Python dpkt Packet Parsing — Deep Dive

Build high-performance network analysis pipelines in Python with dpkt — pcap processing, protocol extraction, flow reconstruction, and large-scale traffic analytics.

System-level framing

Network traffic analysis at scale demands a parser that can process millions of packets without becoming a bottleneck. dpkt fills this role in the Python ecosystem — it is a minimal, C-performance-oriented packet decoding library that converts raw capture bytes into structured Python objects. Where Scapy trades speed for flexibility, dpkt trades flexibility for throughput.

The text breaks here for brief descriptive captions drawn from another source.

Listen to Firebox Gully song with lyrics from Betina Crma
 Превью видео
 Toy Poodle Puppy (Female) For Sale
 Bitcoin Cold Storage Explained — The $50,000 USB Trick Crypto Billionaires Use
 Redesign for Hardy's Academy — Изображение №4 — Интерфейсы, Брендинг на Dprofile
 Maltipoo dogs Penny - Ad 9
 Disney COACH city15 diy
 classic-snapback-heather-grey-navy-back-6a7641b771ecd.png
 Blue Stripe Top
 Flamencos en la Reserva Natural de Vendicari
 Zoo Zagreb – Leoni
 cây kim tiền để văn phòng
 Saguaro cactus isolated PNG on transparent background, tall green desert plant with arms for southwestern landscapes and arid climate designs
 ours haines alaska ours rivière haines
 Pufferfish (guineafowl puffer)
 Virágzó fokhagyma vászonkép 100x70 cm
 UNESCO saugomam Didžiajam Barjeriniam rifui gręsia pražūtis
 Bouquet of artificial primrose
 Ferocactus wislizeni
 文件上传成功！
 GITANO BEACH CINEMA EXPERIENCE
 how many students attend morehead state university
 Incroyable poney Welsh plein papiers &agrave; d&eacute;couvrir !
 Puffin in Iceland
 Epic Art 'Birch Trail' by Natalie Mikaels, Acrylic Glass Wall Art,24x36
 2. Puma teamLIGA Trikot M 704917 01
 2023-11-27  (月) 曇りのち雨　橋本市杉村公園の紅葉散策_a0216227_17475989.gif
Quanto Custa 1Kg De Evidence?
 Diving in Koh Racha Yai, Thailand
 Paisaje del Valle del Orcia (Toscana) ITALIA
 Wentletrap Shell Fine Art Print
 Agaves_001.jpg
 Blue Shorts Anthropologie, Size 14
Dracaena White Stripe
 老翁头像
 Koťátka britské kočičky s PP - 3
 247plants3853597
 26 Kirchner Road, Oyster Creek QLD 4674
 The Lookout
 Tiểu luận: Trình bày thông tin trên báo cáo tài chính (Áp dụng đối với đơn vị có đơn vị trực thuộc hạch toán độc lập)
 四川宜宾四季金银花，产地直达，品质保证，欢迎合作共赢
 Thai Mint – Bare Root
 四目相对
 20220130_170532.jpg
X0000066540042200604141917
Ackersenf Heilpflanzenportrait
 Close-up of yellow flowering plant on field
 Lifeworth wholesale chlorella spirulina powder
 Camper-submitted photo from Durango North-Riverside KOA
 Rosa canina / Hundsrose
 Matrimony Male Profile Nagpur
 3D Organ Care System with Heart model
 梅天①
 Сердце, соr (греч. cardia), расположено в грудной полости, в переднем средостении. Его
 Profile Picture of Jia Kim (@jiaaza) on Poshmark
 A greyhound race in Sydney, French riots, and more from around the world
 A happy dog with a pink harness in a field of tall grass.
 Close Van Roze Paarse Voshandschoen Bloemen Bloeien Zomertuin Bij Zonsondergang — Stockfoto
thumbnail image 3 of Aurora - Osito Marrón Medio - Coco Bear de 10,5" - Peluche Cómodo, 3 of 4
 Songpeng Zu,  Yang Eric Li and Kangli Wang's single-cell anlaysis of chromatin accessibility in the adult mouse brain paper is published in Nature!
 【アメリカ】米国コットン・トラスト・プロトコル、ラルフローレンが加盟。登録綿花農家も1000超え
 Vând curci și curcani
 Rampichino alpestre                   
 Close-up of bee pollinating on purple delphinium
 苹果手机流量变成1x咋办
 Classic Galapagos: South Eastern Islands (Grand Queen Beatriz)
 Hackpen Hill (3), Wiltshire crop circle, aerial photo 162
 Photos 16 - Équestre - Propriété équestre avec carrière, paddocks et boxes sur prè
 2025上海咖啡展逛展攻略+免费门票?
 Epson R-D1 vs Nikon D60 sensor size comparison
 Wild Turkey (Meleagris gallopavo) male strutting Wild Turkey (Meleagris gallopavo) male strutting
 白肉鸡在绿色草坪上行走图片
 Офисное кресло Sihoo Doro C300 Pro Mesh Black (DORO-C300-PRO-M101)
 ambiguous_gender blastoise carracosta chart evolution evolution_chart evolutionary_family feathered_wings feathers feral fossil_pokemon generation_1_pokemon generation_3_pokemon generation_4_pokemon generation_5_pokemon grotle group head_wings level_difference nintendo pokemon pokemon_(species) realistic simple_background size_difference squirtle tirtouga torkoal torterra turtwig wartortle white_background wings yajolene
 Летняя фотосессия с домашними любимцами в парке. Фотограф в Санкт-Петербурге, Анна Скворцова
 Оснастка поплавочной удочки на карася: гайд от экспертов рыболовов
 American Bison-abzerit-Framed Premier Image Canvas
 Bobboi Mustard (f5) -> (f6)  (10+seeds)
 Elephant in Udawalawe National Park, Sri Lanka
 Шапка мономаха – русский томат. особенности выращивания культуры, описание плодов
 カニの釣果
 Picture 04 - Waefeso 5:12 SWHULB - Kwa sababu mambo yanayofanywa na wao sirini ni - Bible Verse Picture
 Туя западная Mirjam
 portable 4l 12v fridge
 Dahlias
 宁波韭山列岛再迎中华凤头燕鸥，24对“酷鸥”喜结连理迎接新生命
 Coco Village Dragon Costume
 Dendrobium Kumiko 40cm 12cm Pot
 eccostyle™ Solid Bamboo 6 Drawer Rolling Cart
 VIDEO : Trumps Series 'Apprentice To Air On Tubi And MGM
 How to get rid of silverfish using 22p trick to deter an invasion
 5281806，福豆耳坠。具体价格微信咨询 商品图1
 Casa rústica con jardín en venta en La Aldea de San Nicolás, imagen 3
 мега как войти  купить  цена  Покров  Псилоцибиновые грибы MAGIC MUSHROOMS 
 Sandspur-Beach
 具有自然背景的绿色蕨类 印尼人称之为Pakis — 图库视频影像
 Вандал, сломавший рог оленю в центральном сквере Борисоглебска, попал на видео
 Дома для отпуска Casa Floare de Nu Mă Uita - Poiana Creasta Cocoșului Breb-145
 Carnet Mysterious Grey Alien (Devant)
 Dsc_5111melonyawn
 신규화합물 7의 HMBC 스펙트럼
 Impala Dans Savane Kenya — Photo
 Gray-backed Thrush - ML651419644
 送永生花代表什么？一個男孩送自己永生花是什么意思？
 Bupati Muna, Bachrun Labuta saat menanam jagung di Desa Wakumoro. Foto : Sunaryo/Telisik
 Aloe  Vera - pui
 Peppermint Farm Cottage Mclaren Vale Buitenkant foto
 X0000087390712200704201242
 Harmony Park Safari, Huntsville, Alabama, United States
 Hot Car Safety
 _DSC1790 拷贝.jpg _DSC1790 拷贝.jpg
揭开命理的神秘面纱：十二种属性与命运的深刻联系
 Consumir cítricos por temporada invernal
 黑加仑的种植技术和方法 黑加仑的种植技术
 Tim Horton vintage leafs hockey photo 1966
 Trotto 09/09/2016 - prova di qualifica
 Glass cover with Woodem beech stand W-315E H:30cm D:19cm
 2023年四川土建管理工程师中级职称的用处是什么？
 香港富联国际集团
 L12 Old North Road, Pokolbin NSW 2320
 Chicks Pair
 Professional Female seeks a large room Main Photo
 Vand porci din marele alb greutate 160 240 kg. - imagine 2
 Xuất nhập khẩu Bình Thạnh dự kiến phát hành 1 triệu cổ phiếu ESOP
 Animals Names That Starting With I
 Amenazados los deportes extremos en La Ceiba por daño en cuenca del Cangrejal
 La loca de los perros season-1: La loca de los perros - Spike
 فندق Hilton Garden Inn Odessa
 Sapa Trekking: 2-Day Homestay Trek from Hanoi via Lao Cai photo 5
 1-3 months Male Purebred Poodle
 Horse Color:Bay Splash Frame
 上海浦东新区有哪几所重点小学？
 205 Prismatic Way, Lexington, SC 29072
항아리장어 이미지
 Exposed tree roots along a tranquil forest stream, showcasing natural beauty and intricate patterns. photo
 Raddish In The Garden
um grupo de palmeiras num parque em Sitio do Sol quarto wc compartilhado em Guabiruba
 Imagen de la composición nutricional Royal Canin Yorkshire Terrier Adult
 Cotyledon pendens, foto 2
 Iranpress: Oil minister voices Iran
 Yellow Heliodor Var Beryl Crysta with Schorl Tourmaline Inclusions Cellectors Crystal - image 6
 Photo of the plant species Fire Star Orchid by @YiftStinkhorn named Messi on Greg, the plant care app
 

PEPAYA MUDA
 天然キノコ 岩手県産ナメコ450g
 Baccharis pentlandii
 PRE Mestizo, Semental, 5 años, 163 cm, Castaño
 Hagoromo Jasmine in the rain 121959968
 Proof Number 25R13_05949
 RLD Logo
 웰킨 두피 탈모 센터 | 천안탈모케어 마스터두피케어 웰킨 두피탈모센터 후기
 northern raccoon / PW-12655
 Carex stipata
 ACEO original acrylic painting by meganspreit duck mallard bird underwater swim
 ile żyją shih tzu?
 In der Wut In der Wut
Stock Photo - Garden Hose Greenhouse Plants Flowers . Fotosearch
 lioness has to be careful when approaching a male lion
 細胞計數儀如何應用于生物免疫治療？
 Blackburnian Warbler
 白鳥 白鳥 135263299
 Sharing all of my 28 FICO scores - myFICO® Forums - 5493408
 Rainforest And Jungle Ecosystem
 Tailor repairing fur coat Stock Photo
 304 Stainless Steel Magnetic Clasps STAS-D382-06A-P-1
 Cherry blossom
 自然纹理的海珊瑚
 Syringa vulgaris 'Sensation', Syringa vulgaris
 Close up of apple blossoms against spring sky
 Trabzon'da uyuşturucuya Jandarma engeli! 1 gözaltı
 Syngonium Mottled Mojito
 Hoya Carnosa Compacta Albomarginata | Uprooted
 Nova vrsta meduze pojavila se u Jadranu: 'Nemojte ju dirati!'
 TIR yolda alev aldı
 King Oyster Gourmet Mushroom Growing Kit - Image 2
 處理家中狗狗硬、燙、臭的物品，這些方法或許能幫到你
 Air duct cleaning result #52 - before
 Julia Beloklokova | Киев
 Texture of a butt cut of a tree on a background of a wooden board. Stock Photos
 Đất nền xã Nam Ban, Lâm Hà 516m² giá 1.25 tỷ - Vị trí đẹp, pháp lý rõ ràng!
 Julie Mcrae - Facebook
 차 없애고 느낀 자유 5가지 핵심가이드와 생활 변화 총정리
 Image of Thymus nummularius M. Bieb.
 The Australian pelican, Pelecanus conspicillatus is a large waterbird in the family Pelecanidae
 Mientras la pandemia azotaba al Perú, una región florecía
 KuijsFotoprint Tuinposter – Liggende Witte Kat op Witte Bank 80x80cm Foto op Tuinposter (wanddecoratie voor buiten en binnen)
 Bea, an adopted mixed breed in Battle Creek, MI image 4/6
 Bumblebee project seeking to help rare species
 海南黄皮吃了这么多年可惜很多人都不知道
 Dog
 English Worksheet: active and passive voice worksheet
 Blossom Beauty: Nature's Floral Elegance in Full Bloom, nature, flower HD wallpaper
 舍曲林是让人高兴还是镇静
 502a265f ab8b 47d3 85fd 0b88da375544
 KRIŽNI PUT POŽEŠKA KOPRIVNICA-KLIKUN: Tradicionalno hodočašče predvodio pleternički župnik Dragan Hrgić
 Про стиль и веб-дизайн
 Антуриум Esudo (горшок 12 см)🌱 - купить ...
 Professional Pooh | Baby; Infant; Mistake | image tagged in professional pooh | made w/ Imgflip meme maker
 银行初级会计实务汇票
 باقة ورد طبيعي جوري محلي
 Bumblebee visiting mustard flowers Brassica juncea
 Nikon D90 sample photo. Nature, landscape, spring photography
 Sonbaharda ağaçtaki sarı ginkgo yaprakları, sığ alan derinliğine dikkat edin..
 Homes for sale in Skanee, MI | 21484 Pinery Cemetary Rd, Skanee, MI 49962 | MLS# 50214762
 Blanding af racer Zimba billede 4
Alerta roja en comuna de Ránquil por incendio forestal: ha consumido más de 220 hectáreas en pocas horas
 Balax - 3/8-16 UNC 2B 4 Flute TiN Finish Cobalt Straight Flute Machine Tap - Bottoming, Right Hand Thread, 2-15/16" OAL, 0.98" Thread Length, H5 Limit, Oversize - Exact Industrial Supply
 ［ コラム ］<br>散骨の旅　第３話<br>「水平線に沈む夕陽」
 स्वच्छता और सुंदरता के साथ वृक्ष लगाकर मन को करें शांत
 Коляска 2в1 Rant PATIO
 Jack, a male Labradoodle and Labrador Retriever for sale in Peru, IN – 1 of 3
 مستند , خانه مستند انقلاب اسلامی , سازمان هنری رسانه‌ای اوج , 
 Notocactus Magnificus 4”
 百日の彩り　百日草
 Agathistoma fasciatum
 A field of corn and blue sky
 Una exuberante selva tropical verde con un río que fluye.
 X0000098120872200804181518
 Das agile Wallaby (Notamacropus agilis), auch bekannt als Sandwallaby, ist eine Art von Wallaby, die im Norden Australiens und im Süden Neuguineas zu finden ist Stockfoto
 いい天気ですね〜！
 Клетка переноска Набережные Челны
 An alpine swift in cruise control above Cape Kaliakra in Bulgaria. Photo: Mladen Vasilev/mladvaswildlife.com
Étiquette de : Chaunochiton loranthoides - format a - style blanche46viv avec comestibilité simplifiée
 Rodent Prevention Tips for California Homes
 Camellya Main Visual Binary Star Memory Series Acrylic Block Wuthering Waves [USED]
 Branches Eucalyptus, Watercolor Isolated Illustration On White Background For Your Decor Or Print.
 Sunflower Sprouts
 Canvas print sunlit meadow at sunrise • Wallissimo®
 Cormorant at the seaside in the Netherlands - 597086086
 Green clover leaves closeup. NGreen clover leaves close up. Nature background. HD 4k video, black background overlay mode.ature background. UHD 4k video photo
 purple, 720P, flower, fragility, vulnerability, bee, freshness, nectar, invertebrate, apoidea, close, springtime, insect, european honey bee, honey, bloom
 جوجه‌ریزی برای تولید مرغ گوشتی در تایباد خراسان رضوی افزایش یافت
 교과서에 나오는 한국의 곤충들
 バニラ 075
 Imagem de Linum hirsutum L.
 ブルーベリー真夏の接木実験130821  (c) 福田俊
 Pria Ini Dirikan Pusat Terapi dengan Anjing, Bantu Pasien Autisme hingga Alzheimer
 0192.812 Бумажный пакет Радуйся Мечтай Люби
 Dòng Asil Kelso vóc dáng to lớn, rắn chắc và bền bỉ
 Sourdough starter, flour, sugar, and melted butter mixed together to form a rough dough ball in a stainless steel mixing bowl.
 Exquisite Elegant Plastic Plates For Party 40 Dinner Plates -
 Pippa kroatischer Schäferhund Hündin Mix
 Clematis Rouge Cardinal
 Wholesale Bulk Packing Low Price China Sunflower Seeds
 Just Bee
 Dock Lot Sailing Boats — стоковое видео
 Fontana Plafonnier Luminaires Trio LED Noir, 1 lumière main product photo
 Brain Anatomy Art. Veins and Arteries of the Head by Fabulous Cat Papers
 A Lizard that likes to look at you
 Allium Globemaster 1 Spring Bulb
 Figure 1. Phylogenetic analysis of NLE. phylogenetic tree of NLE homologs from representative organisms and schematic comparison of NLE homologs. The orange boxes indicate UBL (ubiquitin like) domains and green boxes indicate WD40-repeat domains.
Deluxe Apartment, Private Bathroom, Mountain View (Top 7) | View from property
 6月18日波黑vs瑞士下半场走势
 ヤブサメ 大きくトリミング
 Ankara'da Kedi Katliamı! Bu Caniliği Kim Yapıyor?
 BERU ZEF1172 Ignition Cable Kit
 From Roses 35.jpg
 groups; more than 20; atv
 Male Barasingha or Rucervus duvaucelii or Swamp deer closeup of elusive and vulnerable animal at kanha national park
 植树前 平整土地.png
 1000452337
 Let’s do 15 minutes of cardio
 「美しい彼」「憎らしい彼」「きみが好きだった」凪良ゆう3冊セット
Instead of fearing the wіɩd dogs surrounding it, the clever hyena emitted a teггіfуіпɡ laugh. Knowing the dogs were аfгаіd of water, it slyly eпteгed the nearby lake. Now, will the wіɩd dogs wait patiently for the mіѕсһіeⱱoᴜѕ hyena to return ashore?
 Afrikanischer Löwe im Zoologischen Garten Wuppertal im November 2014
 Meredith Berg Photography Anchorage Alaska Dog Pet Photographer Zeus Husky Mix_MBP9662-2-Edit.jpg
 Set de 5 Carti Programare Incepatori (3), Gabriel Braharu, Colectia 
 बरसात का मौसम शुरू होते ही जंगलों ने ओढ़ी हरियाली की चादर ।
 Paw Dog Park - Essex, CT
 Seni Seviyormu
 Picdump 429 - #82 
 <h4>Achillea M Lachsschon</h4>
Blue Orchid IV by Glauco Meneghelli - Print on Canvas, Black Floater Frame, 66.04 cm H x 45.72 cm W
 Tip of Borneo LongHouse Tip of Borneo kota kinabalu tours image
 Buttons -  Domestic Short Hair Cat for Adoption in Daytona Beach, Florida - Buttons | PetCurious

This deep dive covers advanced parsing patterns, flow reconstruction, protocol extraction, and building analysis pipelines.

Installation

pip install dpkt

Reading pcap and pcapng files

import dpkt

# Standard pcap
with open("capture.pcap", "rb") as f:
    reader = dpkt.pcap.Reader(f)
    for ts, buf in reader:
        print(f"Timestamp: {ts}, Size: {len(buf)}")

# pcapng format (newer, supports metadata)
with open("capture.pcapng", "rb") as f:
    reader = dpkt.pcapng.Reader(f)
    for ts, buf in reader:
        print(f"Timestamp: {ts}, Size: {len(buf)}")

The reader is a lazy iterator — it reads one packet at a time, making it memory-efficient for large files.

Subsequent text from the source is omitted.